I am not a morning person. I never have been. I'm especially this way when I'm faced with a morning person. When I woke up at 10am, Chris had already been awake for awhile – he said he’d gotten up about 8:30, and was feeling “surprisingly good.” That made one of us.

We just planned to take things very slowly, taking the U-Bahn to the Potsdamer Platz and planning to hop on and off the trains all day long rather than walk. We walked to the nearby train stop and were surprised to find a completely empty station – there wasn’t a soul waiting for a train on either side of the tracks. We briefly questioned whether the trains were even running, but then saw a countdown clock to the next train and figured we were okay. We bought two all-day tickets and got on the next train.

Potsdamer Platz had been taken over by a children’s fair, so we didn’t linger. We walked toward the Reichstag (Germany’s capitol building), noticing along the way that there was an odd double-row of bricks running along the pavement. I say “odd” because it didn’t follow a straight, reasonable line. It didn’t take long to realize that it was marking out the footprint of the former Berlin Wall. It’s so strange to think of this wall haphazardly placed down the center of streets, through the center of buildings. But more on the wall later. En route to the Reichstag we came upon the rather new Holocaust Memorial about which I’d seen a program on Frontline earlier in the year. There was some controversy about its design, as well as the creation of a memorial in the first place. I don’t think any other country has erected a memorial to a genocide its government had a hand in – there’s certainly no memorial to dead slaves or Native Americans in Washington DC – and this one is within sight of the Reichstag.
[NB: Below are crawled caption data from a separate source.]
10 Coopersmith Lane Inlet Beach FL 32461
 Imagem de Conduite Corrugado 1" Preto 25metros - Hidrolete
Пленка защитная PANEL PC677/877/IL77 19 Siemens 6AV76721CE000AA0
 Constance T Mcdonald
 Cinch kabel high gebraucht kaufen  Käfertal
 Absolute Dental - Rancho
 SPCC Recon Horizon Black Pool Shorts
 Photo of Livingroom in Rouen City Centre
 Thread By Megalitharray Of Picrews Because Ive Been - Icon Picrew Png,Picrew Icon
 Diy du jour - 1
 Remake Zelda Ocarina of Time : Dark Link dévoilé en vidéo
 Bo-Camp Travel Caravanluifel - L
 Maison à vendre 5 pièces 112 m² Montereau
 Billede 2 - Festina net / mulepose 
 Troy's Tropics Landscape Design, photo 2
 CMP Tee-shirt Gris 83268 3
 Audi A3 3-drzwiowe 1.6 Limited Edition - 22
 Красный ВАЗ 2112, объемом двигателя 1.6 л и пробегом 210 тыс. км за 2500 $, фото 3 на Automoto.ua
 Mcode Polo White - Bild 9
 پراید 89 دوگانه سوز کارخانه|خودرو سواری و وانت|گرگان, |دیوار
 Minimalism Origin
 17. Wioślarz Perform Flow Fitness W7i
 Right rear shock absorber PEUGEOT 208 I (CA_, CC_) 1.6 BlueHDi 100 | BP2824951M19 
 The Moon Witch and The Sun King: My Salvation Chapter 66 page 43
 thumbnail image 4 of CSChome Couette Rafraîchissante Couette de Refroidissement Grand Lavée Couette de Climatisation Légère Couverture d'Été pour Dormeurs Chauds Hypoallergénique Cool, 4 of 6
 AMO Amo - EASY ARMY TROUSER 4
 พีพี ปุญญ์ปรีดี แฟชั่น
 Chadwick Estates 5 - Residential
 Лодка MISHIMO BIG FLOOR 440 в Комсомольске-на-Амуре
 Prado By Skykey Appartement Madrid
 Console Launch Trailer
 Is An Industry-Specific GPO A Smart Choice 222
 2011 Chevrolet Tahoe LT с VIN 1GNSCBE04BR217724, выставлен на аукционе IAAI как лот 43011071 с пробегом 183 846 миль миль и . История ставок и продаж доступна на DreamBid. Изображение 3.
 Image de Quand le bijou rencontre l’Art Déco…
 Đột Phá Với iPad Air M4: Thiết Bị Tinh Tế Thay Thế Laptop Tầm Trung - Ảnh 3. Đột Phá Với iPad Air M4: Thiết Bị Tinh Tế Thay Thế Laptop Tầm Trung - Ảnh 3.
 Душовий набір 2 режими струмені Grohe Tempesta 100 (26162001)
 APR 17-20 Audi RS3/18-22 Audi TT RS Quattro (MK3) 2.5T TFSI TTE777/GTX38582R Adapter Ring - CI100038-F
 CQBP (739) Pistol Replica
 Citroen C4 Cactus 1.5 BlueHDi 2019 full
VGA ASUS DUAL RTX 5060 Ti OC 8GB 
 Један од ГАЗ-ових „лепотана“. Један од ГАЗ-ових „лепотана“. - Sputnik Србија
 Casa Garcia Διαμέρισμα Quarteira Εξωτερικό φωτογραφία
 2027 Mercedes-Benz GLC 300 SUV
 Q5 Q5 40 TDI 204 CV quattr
The double-brick line that runs through the city, showing the footprint of the wall.

The memorial itself is quite large – a huge field of large concrete blocks of varying heights placed at perfect intervals. From the corner we first approached, it looks like only the height of the blocks varies, but when you begin to wander into the memorial you quickly notice that the floor itself drops away in places, meaning that people disappear completely as they walk toward the center. In addition to the field of blocks, there is also an underground portion that I think is an interpretive and informative center – the line was too long, so we didn’t go downstairs. We learned later that some of the motivations behind the design of the memorial included making the distance between the blocks small enough that it’s not possible to walk side-by-side, only alone; and that each block is of a different height to represent the individual stories of the people who died in the Holocaust. Whatever the motivations, the field reminded both Chris and I of the cemetery in Prague – particularly the unevenness of it.



Many views of the Holocaust Memorial in Berlin.

After our stroll through the memorial, we continued on to the Reichstag, pausing briefly to look at the backside of the Brandenburg Gate (the Berlin Wall butted right up against it on the West side, making it an ironic gate to nowhere from the East). The streets all around the Reichstag were blocked off because of the election and there were countless television satellite trucks lining the surrounding roads. The Reichstag has an expansive lawn out in front of it which we think was the setting for more than a few political rallies over the past few weeks. Sunday, however, was election day – and there were only a few television crews set up on the green by that point of the morning. There was a line for tours going into the building itself (apparently the glass dome has some fabulous views of the city), and you’d never have known it was a special day if not for the blocked-off streets and the press.


The backside of the Brandenburg Gate - this is the side that backed up to the wall. It's hard to see, but in the foreground in the middle of the street is the double-brick line showing where the wall was.


The Reichstag, and the satellite trucks camped out next to it.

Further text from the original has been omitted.